A colleague of mine was planning to modify the max_xfer_size attribute on a couple of FC adapters in one of his AIX LPARs. As he was describing his plan to me, I asked him how he intended to back out of the change should the LPAR fail to boot after the modifications. But, what could possibly go wrong? he fired back. I advised him to use multibos to create a standby (backup) instance of the AIX OS, just in case. He begrudgingly did so, just to keep me happy.

The next day he told me the following tale.

He had modified the FC adapters max_xfer_size attribute as planned. First, checking the current values, for the attribute on both adapters.

aixlpar1 : / # lsattr -El fcs0 -a max_xfer_size

max_xfer_size 0x100000 Maximum Transfer Size True

aixlpar1 : / # lsattr -El fcs1 -a max_xfer_size

max_xfer_size 0x100000 Maximum Transfer Size True

Hed created a standby AIX instance before making changes to the adapters. He also prevented multibos from changing the bootlist to the standby boot logical volume (BLV).

aixlpar1 : / # multibos -sXt

Initializing multibos methods ...

Initializing log /etc/multibos/logs/op.alog ...

Gathering system information ...

+-----------------------------------------------------------------------------+

Setup Operation

+-----------------------------------------------------------------------------+

Verifying operation parameters ...

Creating image.data file ...

He modified the FC adapters as planned.

aixlpar1 : / # chdev -l fcs0 -a max_xfer_size=0x200000 -P

fcs0 changed

aixlpar1 : / # chdev -l fcs1 -a max_xfer_size=0x200000 -P

fcs1 changed

aixlpar1 : / # lsattr -El fcs0 -a max_xfer_size

max_xfer_size 0x200000 Maximum Transfer Size True

aixlpar1 : / # lsattr -El fcs1 -a max_xfer_size

max_xfer_size 0x200000 Maximum Transfer Size True

He verified that the standby instance still held the original values for both FC adapters.

aixlpar1 : / # multibos -S

Initializing multibos methods ...

Initializing log /etc/multibos/logs/op.alog ...

Gathering system information ...

+-----------------------------------------------------------------------------+

Multibos Shell Operation

+-----------------------------------------------------------------------------+

Verifying operation parameters ...

+-----------------------------------------------------------------------------+

Mount Processing

+-----------------------------------------------------------------------------+

Mounting all standby BOS file systems ...

Mounting /bos_inst

Mounting /bos_inst/usr

Mounting /bos_inst/var

Mounting /bos_inst/opt

+-----------------------------------------------------------------------------+

Multibos Root Shell

+-----------------------------------------------------------------------------+

Starting multibos root shell ...

Active boot logical volume is hd5.

Script command is started.
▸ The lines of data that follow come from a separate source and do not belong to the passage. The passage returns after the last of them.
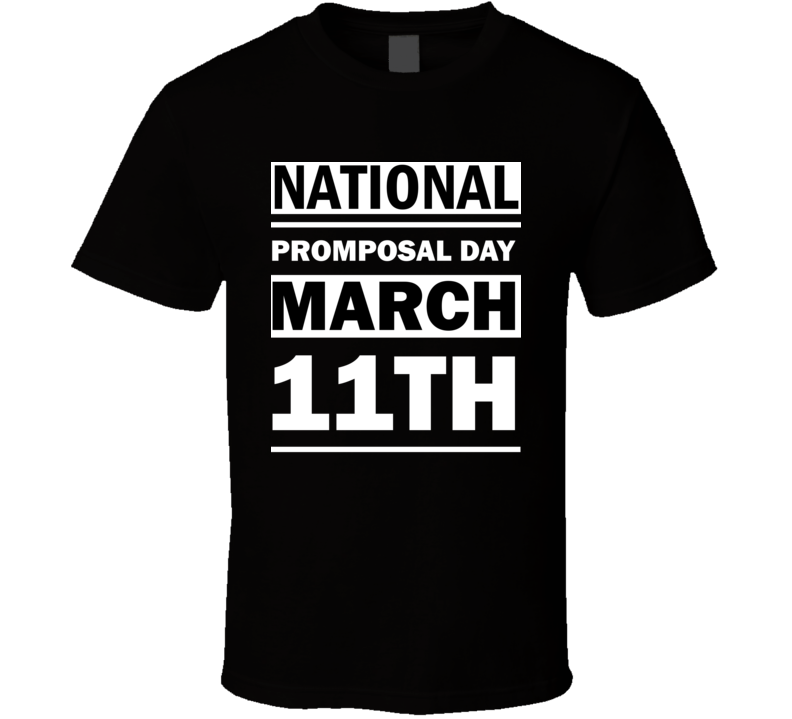 National Promposal Day March 11th Calendar Day Shirt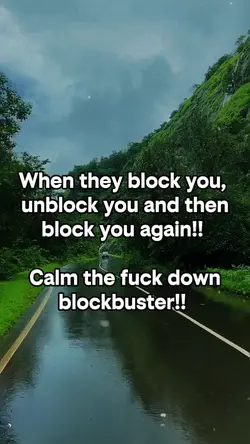 When they block you
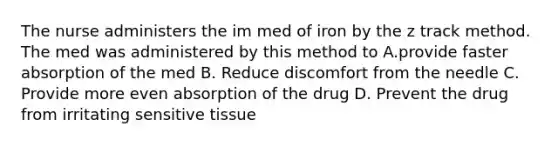 The nurse administers the im med of iron by the z track method. The med was administered by this method to A.provide faster absorption of the med B. Reduce discomfort from the needle C. Provide more even absorption of the drug D. Prevent the drug from irritating sensitive tissue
The file is /etc/multibos/logs/scriptlog.120713124518.txt.

aixlpar1 : / # lsattr -El fcs0 -a max_xfer_size

max_xfer_size 0x100000 Maximum Transfer Size True

aixlpar1 : / # lsattr -El fcs1 -a max_xfer_size

max_xfer_size 0x100000 Maximum Transfer Size True

aixlpar1 : / # exit

Script command is complete. The file is /etc/multibos/logs/scriptlog.120713124518.txt.

Stopping multibos root shell ...

Compressing script log file ...

Compressed script log file is /etc/multibos/logs/scriptlog.120713124518.txt.Z

+-----------------------------------------------------------------------------+

Mount Processing

+-----------------------------------------------------------------------------+

Unmounting all standby BOS file systems ...

Unmounting /bos_inst/opt

Unmounting /bos_inst/var

Unmounting /bos_inst/usr

Unmounting /bos_inst

Log file is /etc/multibos/logs/op.alog

Return Status = SUCCESS

Then he manually changed the LPARs boot list to include the standby BLV.

aixlpar1 : / # bootlist -m normal hdisk2 blv=hd5 hdisk2 blv=bos_hd5

aixlpar1 : / # bootlist -m normal -o

hdisk2 blv=hd5 pathid=0

hdisk2 blv=hd5 pathid=1

hdisk2 blv=bos_hd5 pathid=0

hdisk2 blv=bos_hd5 pathid=1

He carefully recorded the bootlist output, just in case the boot failed with new max_xfer_size values. He could use the vdevice name and location to manually select the standby BLV to start the system in an emergency.

aixlpar1 : / # bootlist -m normal -ov

'ibm,max-boot-devices' = 0x5

NVRAM variable: (boot-device=/vdevice/vfc-client@30000014/disk@50060e8006d0206a,1000000000000:2 /vdevice/vfc-client@3000001e/disk@50060e8006d0207a,1000000000000:2 /vdevice/vfc-client@30000014/disk@50060e8006d0206a,1000000000000:4 /vdevice/vfc-client@3000001e/disk@50060e8006d0207a,1000000000000:4)

Path name: (/vdevice/vfc-client@30000014/disk@50060e8006d0206a,1000000000000:2)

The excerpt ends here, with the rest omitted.